Ok, so who is out there that is soon to be releived of BYC status?

Any ideas?


prunetang


----------



## Verro (Jul 4, 2005)

Schilly said:


> BYC


That would explain a delay, but how would it relate to a fine?(I guess it could have just been a flippant comment by KP though)


----------



## Schilly (Dec 30, 2002)

handclap problematic said:


> Ok, so who is out there that is soon to be releived of BYC status?
> 
> Any ideas?
> 
> ...


Well we did just land a new starting center (Oden), a reserve pf/c (Frye) and drafted another PF (McRoberts).


----------



## Oldmangrouch (Feb 11, 2003)

BlazerCaravan said:


> So either KP is a pathological liar acting delusionally, or you're wrong.
> 
> To be honest, I'd say the weight is just about 50/50... but I think you being wrong is maybe 51% possible rather than 49%.
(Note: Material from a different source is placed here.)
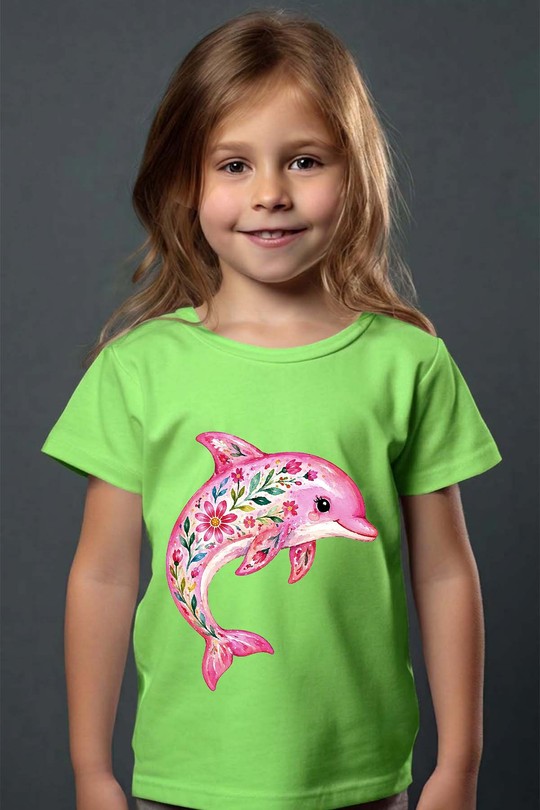 floral dolphin - Tshirt Fille - FC-VERT CLAIR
:whoknows: I had no big problem with his gamesmanship over the #1 pick. This is just over-the-top. At this point, I wonder if he is doing this stuff just to keep the fans riled up, and therefore talking about the team. If they had been able to keep the deal under wraps for a few days, it would have worked. As is, the trade leaked, and everybody knows the press conference was just hyperbole.

As for him being a liar......if he is going to get into the PR end of things, that is kind of a prerequsite! :biggrin:


----------



## Schilly (Dec 30, 2002)

Verro said:


> That would explain a delay, but how would it relate to a fine?
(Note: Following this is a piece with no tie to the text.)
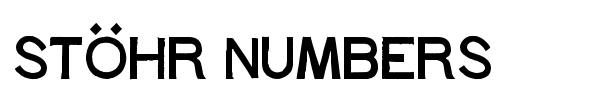 St?hr Numbers font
Talknig about a deal before it's complete.


----------



## Sambonius (May 21, 2003)

Can Frye be packaged with other players or not? If not, this scares me to think that Aldridge may be involved in the second deal if we indeed have another deal lined up for a SF.


----------



## Schilly (Dec 30, 2002)

Sambonius said:


> Can Frye be packaged with other players or not? If not, this scares me to think that Aldridge may be involved in the second deal if we indeed have another deal lined up for a SF.
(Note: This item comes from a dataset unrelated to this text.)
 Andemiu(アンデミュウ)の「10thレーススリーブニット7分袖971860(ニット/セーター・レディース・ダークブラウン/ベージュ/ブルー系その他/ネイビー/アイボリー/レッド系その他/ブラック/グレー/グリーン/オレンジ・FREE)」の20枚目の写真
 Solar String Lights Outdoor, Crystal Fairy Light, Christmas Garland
Not for 60 days. I htink they brought in Frye as a backup at the 4/5.


----------



## Five5even (Jun 15, 2007)

Sambonius said:


> Can Frye be packaged with other players or not? If not, this scares me to think that Aldridge may be involved in the second deal if we indeed have another deal lined up for a SF.


TBH, if we are trading up for a better SF, i think Channing Frye has more trade value than Zach Randolph.

Pair Channing frye with Jarrett Jack and Joel Przybilla, or picks like Green could land us a far better SF than Zach ever could.

Frye has a much better contract to deal with and is younger and more appealing to teams.


----------



## Sambonius (May 21, 2003)

Schilly said:


> Not for 60 days. I htink they brought in Frye as a backup at the 4/5.


Then how could Pritchard say we HAD to do this deal in order to do the second? I hope this doesn't mean we are trading Aldridge and using Frye as the starting 4.


----------



## Five5even (Jun 15, 2007)

Sambonius said:


> Then how could Pritchard say we HAD to do this deal in order to do the second? I hope this doesn't mean we are trading Aldridge and using Frye as the starting 4.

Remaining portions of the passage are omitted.